Lathe crisis averted

All I wanted was a hole! The next step for the drivers is to make an aluminum collet to hold them while I face their backs, and this was going to start with a hole.

I was merrily drilling deep into that cylinder of aluminum, when the drill bit bound and ripped the tailstock spindle off its guide stud and spun it around. Things happen quickly in machine work, and by the time I’d turned off the lathe, the spindle and screw were unmeshed. Worse, I couldn’t get them together again!

Taking the tailstock apart, I found the threads on both the spindle and the screw were buggered – to use a technical term. That was a good moment to take a break for a day or so, while I considered my options. An email to Sherline tech support (they are excellent, by the way) confirmed that there is nothing special about these threads, and if they looked buggered, it was because they were.

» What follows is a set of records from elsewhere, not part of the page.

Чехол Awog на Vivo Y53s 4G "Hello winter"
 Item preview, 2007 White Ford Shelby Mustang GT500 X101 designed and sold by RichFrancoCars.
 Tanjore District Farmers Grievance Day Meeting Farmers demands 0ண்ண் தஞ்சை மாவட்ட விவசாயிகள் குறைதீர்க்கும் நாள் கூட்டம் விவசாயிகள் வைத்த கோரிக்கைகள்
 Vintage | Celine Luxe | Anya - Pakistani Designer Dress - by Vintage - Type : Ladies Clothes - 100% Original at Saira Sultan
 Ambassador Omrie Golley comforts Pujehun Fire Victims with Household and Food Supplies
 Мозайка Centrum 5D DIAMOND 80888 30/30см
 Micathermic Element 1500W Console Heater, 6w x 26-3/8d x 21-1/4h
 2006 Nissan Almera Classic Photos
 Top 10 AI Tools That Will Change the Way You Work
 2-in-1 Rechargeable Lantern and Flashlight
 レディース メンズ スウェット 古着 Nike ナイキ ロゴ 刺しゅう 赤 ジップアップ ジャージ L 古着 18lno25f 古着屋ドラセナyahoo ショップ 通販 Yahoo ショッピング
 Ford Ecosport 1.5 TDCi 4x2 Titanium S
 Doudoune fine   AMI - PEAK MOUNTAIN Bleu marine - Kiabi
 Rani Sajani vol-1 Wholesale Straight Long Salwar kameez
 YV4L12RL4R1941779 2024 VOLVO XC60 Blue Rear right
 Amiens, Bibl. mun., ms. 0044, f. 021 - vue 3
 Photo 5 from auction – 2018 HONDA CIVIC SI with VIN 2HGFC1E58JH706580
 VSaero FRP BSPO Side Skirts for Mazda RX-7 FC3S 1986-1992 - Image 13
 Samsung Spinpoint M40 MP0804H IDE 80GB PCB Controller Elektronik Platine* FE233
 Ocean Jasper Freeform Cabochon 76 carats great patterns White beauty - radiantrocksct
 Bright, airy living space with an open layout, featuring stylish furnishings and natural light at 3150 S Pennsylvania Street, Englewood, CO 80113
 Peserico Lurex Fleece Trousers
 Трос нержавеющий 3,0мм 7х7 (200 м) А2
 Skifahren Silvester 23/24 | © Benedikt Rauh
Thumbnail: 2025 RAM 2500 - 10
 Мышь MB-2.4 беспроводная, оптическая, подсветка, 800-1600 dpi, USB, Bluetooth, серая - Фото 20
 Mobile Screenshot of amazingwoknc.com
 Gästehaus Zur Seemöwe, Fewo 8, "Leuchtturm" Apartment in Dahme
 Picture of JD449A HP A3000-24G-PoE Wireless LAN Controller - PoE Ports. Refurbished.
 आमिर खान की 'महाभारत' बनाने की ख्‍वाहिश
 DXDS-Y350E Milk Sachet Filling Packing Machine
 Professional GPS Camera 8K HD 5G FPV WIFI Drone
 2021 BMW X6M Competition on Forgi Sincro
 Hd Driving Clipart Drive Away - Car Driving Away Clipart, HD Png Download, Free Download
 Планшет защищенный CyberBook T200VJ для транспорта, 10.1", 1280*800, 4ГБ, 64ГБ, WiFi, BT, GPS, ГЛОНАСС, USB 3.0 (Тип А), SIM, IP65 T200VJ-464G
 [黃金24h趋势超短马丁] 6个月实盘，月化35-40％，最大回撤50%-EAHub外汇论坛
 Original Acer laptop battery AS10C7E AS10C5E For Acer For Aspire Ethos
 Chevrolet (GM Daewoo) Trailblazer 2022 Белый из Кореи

I filled a shopping cart with the appropriate replacement parts, and started preparing myself to take a couple of weeks away from the project. My goal is to present a recognizable locomotive, rather than a collection of parts at the Railway Modellers’ Meet. With a little over two months to go, a couple of weeks away from the project would have assured embarrassment.

However, before hitting the checkout button, I decided to take another crack at fixing the tailstock. It was a battle of attrition, which I won literally millimetre by millimetre, but tonight, with the aid of a specially ground scraper and my trusty needle files, I was able to restore the threads sufficiently to mesh them together again. Hallelujah!